The People’s Bank of China announces an interest rate decision consistent with the expected 3% level.

    by VT Markets
    /
    Jan 20, 2026
    The People’s Bank of China has kept its benchmark interest rate at 3%. This choice matches what experts expected amid global economic uncertainty. The Australian dollar rose after the US dollar weakened due to tensions with Greenland. The GBP/USD exchange rate remains stable around 1.3450 as traders wait for labor market data from the UK.

    The Japanese Yen Intervention Fears

    The Japanese yen has gained strength due to fears of intervention and a flight to safety. Meanwhile, the EUR/USD is testing a nine-day EMA level close to 1.1650. Silver prices have fallen to around $93.50 as traders take profits after hitting a record high. The USD/CAD is steady above 1.3850, as the Canadian dollar weakens due to lower oil prices.

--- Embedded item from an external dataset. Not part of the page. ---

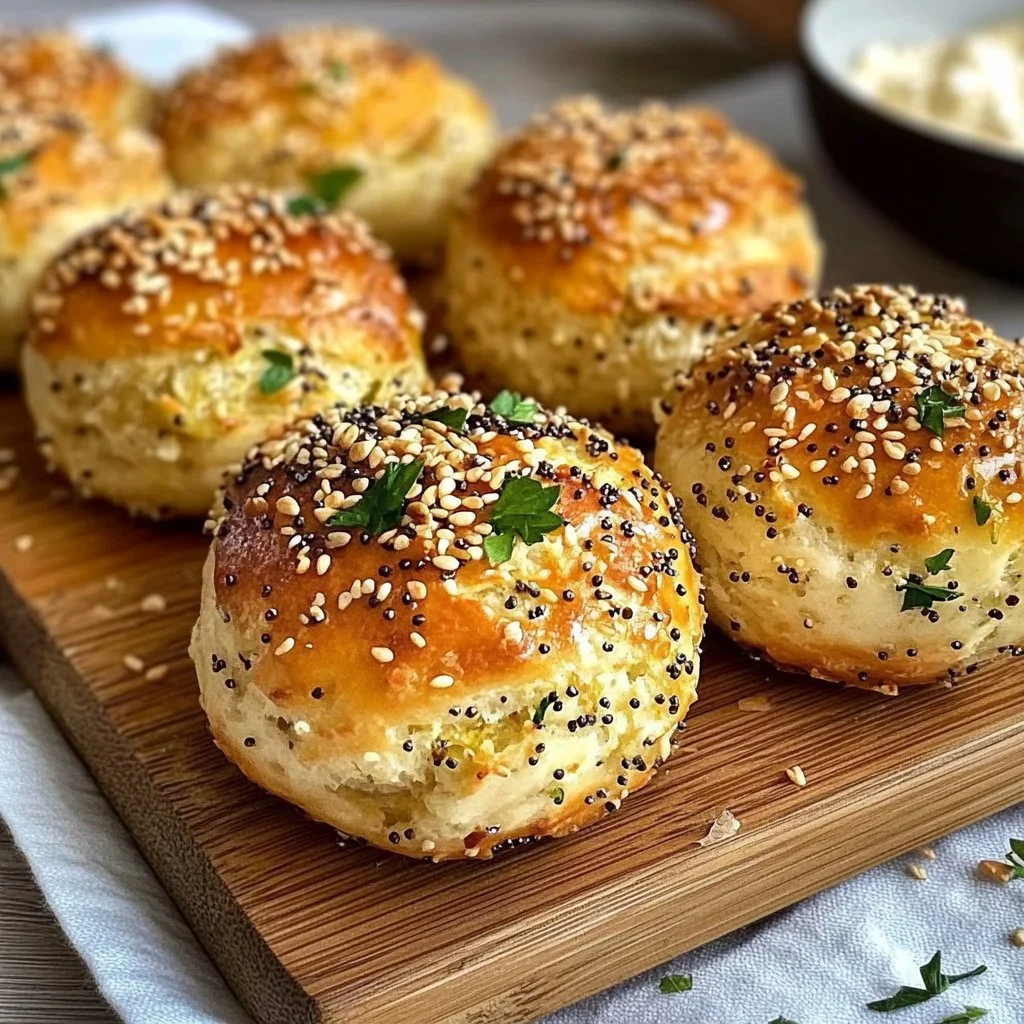 High-Protein Bagel Bites 3 Delicious high-protein bagel bites served on a wooden platter.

Gold has inched up, approaching $4,670, thanks to safe-haven demand amid global tensions. Ethereum shows mixed trading with increased network activity affecting its price. Tariff issues are in focus, with unexpected geopolitical events causing market volatility. Meme coins like Dogecoin, Shiba Inu, and Pepe have declined, following Bitcoin’s drop of about 3% on Monday.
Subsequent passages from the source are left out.